Ryan Giggs has lashed out at those who criticise his managerial ambitions, insisting it is "ridiculous" to claim he does not have enough experience to manage in the top flight.

Giggs, who managed Manchester United for four games after David Moyes' sacking in 2014, has been linked with a clutch of jobs in recent months, including Swansea City and Wales.

However, he has yet to move into the dugout full-time as a number one - he did spend two years under Louis van Gaal as assistant manager at United - and told The Times last week that he would feel comfortable managing a top-flight club, given the experience he gained during his playing career.
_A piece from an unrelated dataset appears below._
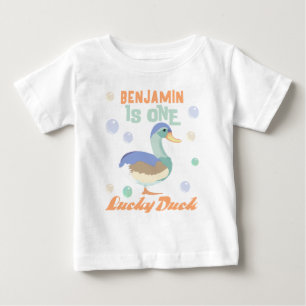 Camiseta Um Pato Sortudo & Bolhas Primeiro Aniversário Past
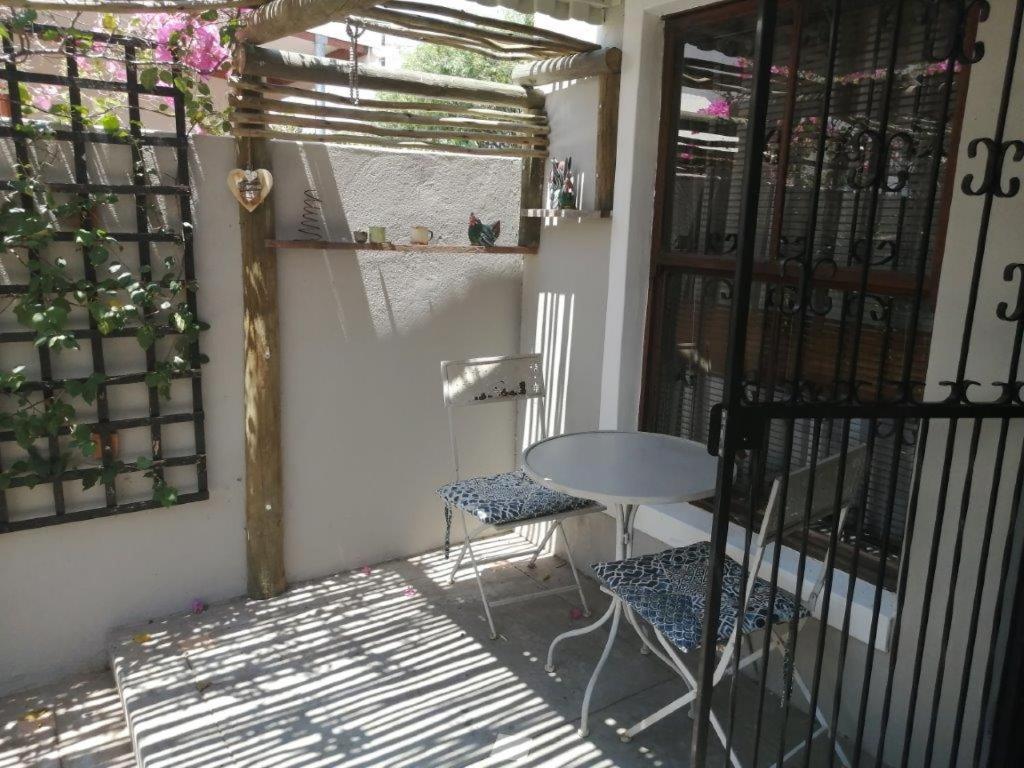 Peace Cottage มอนตากู ภายนอก รูปภาพ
"I don't have experience in the lower divisions. It's not where I've worked in my career," he said.

"I've spent my whole life in the Premier League - not just as a player but as a player-coach and assistant manager. I know now I wasn't ready when I had those four games in charge at United but I'm a lot better qualified to manage now after those two years with Louis. That was a fantastic experience."

Critics have since claimed that he should focus on working his way up the ladder instead of merely expecting to be handed the keys to an elite club, but Giggs has now issued a vigorous defence of his own CV.

"I did an interview last week about my managerial aspirations and received some criticism because apparently I wasn't willing to manage at a lower level," he told Sky Sports.

Ryan Giggs

"I didn't say anything at all about not managing at a lower level; I said because of my experience, I'd be more suited coaching at the level which I previously played and coached.

"My critic quoted Steven Gerrard saying, in his experience, footballers want to just do their UEFA C Licence and go straight into the job. I did my UEFA B Licence when I was 29, my A Licence when I was 35, my Pro Licence while I was still playing and I coached at Manchester United for three years - including managing four games - so I don't see the relevance.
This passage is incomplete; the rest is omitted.